*** Dataset records Section Begins ***
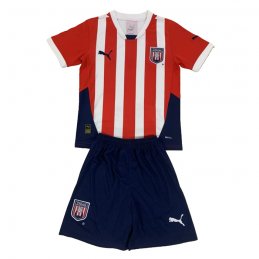 1a Equipacion Camiseta Tapatio Nino 24-25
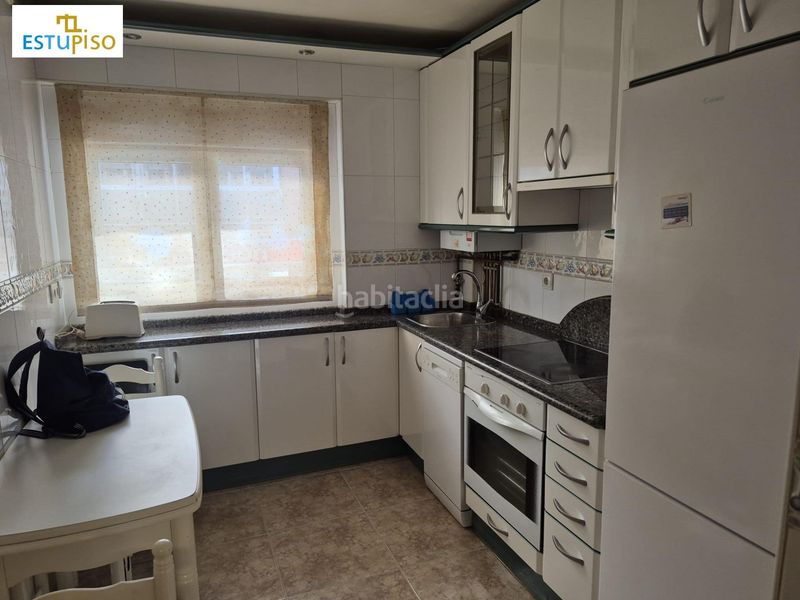 Foto a9c9d194-adff-4a3f-be49-ef260b44a1a7. Apartament amb calefacció aparcament a El Ejido - Santa Ana León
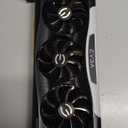 EVGA GeForce RTX 3070 Ti 8Gb, Cooler Doesn't Work (Renewed)
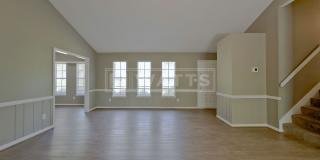 3-Bed, 2-Bath Split-Level Home in Alabaster Gallery 6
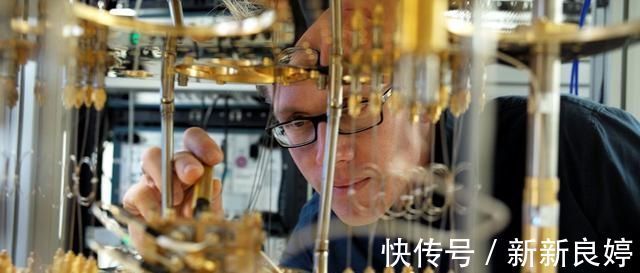 公司|3个月内推出全球功能最强大的量子计算机,这家公司带来了好消息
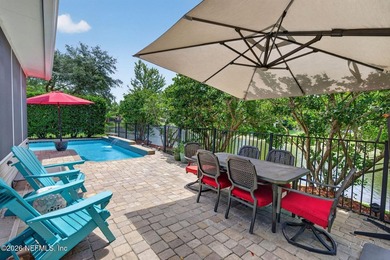 Welcome to 521 Grand Parke Drive in the sought after Julington - photo 44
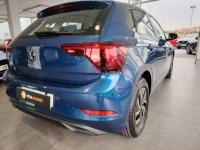 Volkswagen Polo Life 1.0 TSI 70kW (95CV)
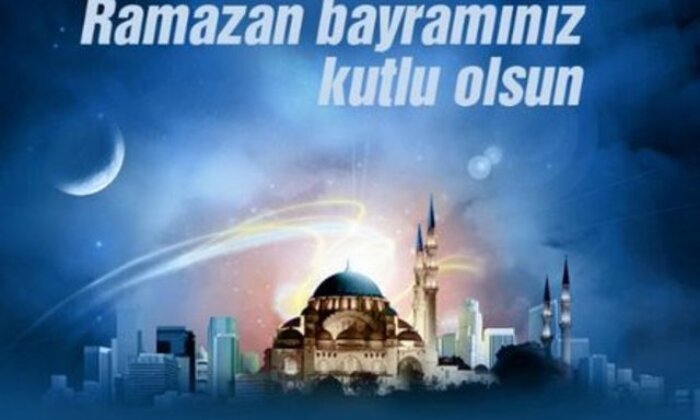 İyi Bayramlar / Editör’den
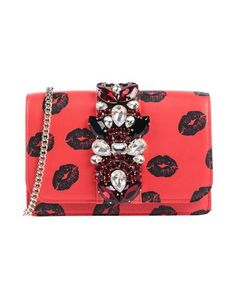 Сумка через плечо Gedebe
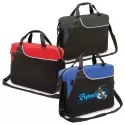 branded Switch Satchel Bag, from our range of promotional Conference Bags &amp; Satchels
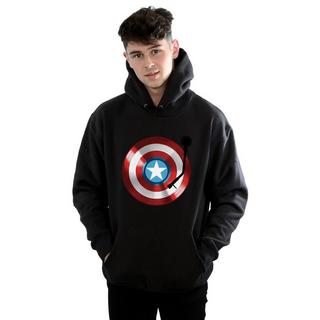 MARVEL  Kapuzenpullover 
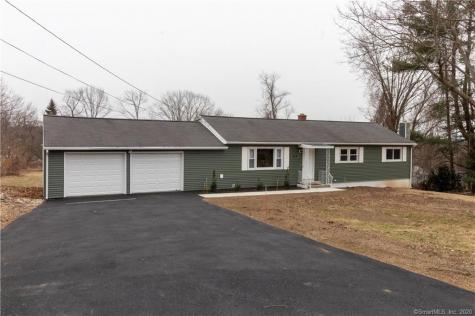 61 Greystone Road Waterbury CT 06704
*** Dataset records Section Ends ***
* _The task_: Here the requirement is to restate exactly the line holding "3-Bed, 2-Bath Split-Level" and every later line through the end of the material, omitting pictures.

* _Answer to this problem_:
 3-Bed, 2-Bath Split-Level Home in Alabaster Gallery 6
 公司|3个月内推出全球功能最强大的量子计算机,这家公司带来了好消息
 Welcome to 521 Grand Parke Drive in the sought after Julington - photo 44
 Volkswagen Polo Life 1.0 TSI 70kW (95CV)
 İyi Bayramlar / Editör’den
 Сумка через плечо Gedebe
 branded Switch Satchel Bag, from our range of promotional Conference Bags &amp; Satchels
 MARVEL  Kapuzenpullover 
 61 Greystone Road Waterbury CT 06704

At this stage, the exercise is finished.